I’ll probably want to provide credentials as a userid and a p12 file. Will it be possible to store that file somewhere on the machine that runs the continuous integration so that the password field can reference the path of the file?
How is access to the testing credentials controlled and how many people have access?
How often does the continuous integration run every day? (This may be relevant for setting up quota for the instance.)
What data should be in the test instance? Would a complete schema with all empty tables be sufficient since the continuous integration isn’t checking results?

schuemie · May 26, 2017, 11:01am

To answer your questions:

In the past we’ve set credentials as environmental variables on Travis. I don’t have experience with p12 files, but imagine we could encode a p12 file as an environmental variable.
The credentials are set on Travis. The only two persons who have access to setting the variables are me and @msuchard. In theory, a malicious submitter could push code that reveals the environmental variables, but that would be (a) immediately apparent, (b) completely traceable to the villain, and © could still only be one of the OHDSI developers.
Continuous integration runs whenever someone pushes to the master branch of the repository. As you can see here, that happens once every few days for Achilles.
Yes, for now just having the empty tables of the CDM schema should be sufficient.If we think of more elaborate unit tests we will need to think of a data set that should be included in all testing environments, but we have not made any plans to do so.
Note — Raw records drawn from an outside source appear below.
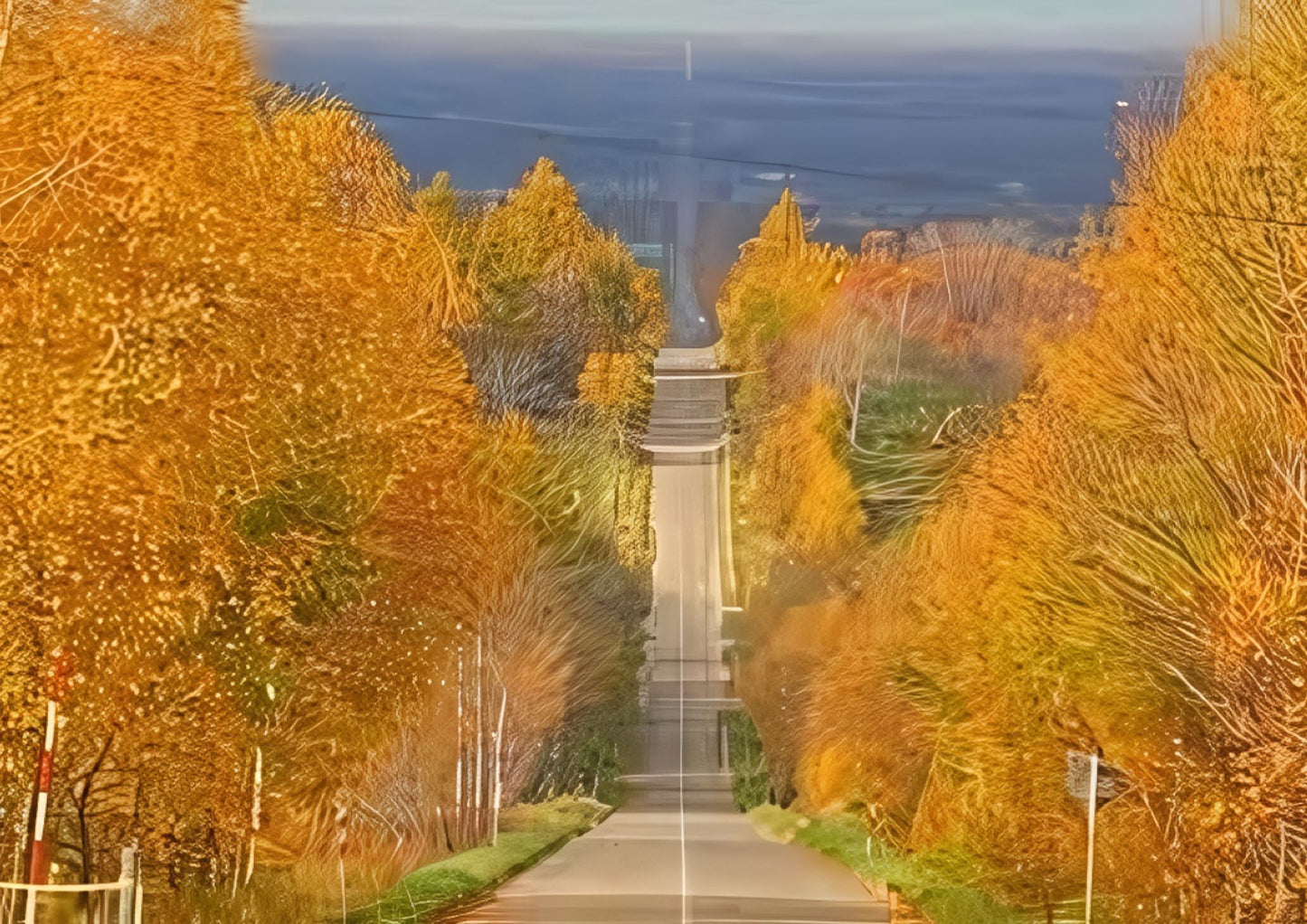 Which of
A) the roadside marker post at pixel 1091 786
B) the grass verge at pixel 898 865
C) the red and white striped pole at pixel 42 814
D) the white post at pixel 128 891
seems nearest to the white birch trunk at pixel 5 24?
the red and white striped pole at pixel 42 814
MatthewYoungLai · May 26, 2017, 9:20pm

Thanks, I just created a pull request for the SqlRender changes: https://github.com/OHDSI/SqlRender/pull/70

I’ll set up the test environment and submit additional patches for Achilles and DatabaseConnector next week.

MatthewYoungLai · May 31, 2017, 10:33pm

Two more pull requests: https://github.com/OHDSI/SqlRender/pull/71 , https://github.com/OHDSI/DatabaseConnector/pull/39

The second one seems to have failed the continuous build, but I think it’s for unrelated reasons. Please let me know if it looks otherwise.

The two changes above are enough to get the heel script working. (I just had the achilles script working before, and will have more followup changes to get the export scripts working as well.)

I also have a test environment set up now. How would you like me to pass over the credentials? One option if you have a gmail account is for me to put them in a GCS bucket and give your account permission to download from there.